Needed Information, independent of the chosen tool
- Username: Same as for the bwHPC Clusters
- Password: The Service Password that you set at bwServices in the registration step.
- SV-Acronym: Use the lower case version of the acronym for all access options.
- Hostname: The hostname depends on the chosen network protocol:
Recommended Setup
The following graphic shows the recommended way for accessing SDS@hd via Windows/Mac/Linux. The table provides an overview of the most important access options and links to the related pages.
If you have various use cases, it is recommended to use Rclone. You can copy, sync and mount with it. Thanks to its multithreading capability Rclone is a good fit for transferring big data.
For an overview of all connection possibilities, please have a look at all data transfer routes.
Figure 1: SDS@hd main transfer routes
Use Case | Windows | Mac | Linux | Possible Bandwith | Firewall Ports | |
---|---|---|---|---|---|---|
Rclone + <protocol> | copy, sync and mount, multithreading | ✓ | ✓ | ✓ | depends on used protocol | depends on used protocol |
SMB | mount as network drive in file explorer or usage via Rclone | ✓ | ✓ | ✓ | up to 40 Gbit/sec | 139 (netbios), 135 (rpc), 445 (smb) |
WebDAV | go to solution for restricted networks | [✓] | ✓ | ✓ | up to 100GBit/sec | 80 (http), 443 (https) |
MobaXterm | Graphical User Interface (GUI) | ✓ | ☓ | ☓ | see sftp | see sftp |
NFS | mount for multi-user environments | ☓ | ☓ | ✓ | up to 40 Gbit/sec | - |
SSHFS | mount, needs stable internet connection | ☓ | ✓ | ✓ | see sftp | see sftp |
SFTP | interactive shell, better usability when used together with Rclone | ✓ | ✓ | ✓ | up to 40 Gbit/sec | 22 (ssh) |
Table 1: SDS@hd transfer routes
Access from a bwHPC Cluster
bwUniCluster
You can't mount to your $HOME directory but you can create a mount under $TMPDIR by following the instructions for Rclone mount. It is advised to wait a couple of seconds (sleep 5
) before trying to use the mounted directory.
bwForCluster Helix
You can directly access your storage space under /mnt/sds-hd/ on all login and compute nodes.
bwForCluster BinAC
You can directly access your storage space under /mnt/sds-hd/ on all login and compute nodes. The prerequisites are:
- The SV responsible has enabled the SV on BinAC once by writing to sds-hd-support@urz.uni-heidelberg.de
- You have a valid kerberos ticket, which can be fetched with
kinit <userID>
Other
You can mount your SDS@hd SV on the cluster yourself by using Rclone mount. As transfer protocol you can use WebDAV or sftp. For a full overview please have a look at All Data Transfer Routes.

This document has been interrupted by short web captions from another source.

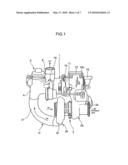 Method for manufacturing multistage exhaust turbocharger diagram and image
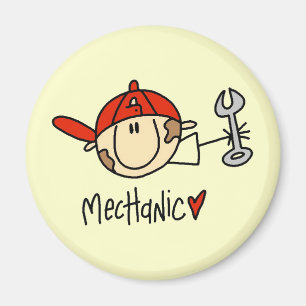 Mechaniker Magnet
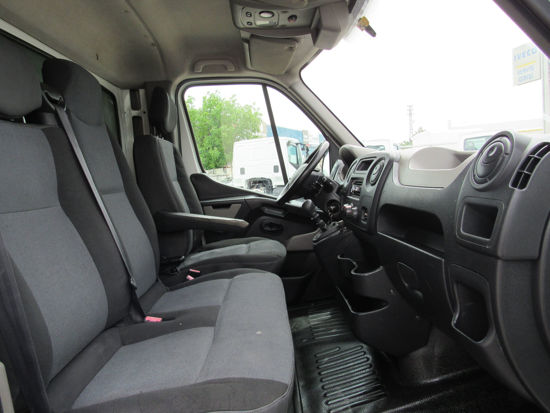 2012 MODEL RENAULT MASTER 2.3 DCİ TEK KABİN TENTELİ SAÇ KASALI KAMYONET 125 Hp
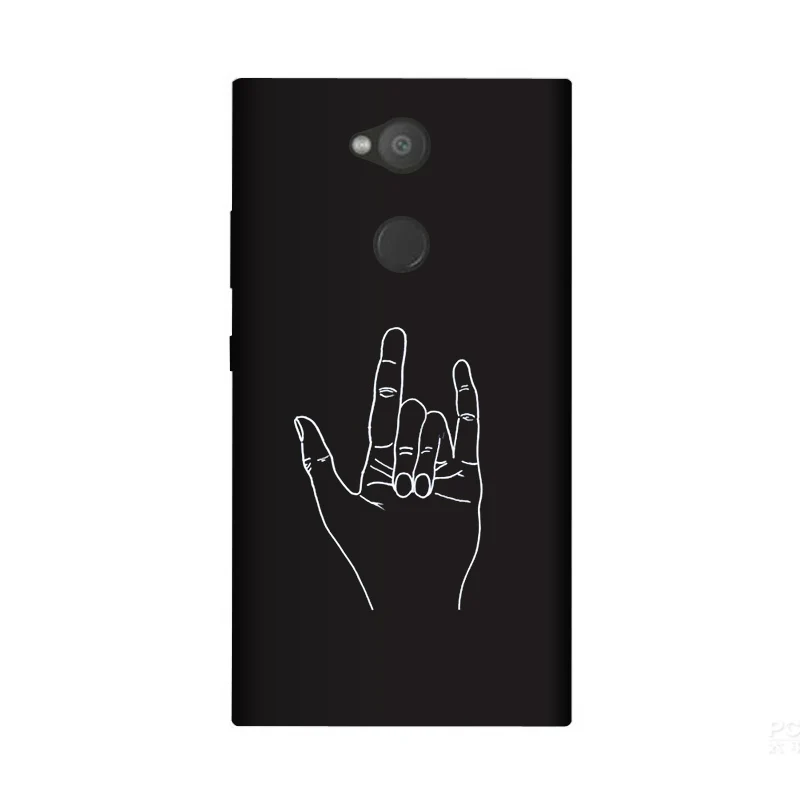 Мягкий силиконовый чехол из ТПУ для sony Xperia L2, матовый чехол для sony Xperia L2, чехол H3311 H3321 H4311 H4331 Dual Funda - Цвет: 5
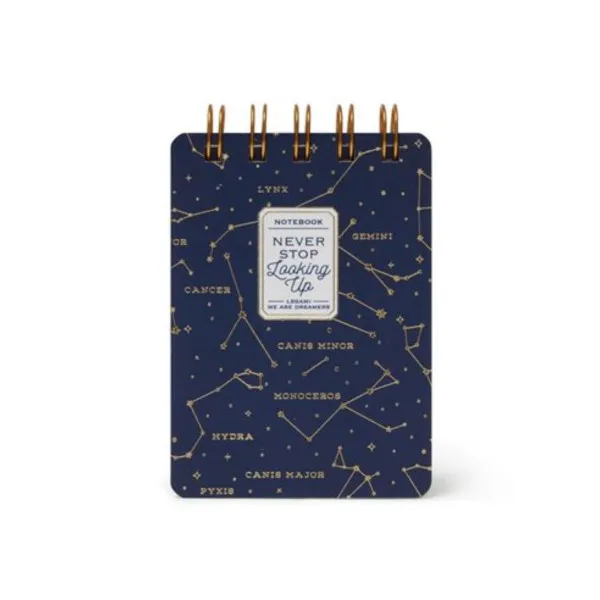 SVESKA SPIRALNA DIKTO- MINI - STARS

Access via Webbrowser (read-only)
Visit lsdf02-webdav.urz.uni-heidelberg.de and login with your SDS@hd username and service password. Here you can get an overview of the data in your "Speichervorhaben" and download single files. To be able to do more, like moving data, uploading new files, or downloading complete folders, a suitable client is needed as described above.
Best Practices
- Managing access rights with ACLs
-> Please set ACLs either via the Windows terminal server or via bwForCluster Helix. ACL changes won't work when used locally on a mounted directory. - Multiuser environment -
-> Use NFS
Troubleshooting
- Issue: The credentials aren't accepted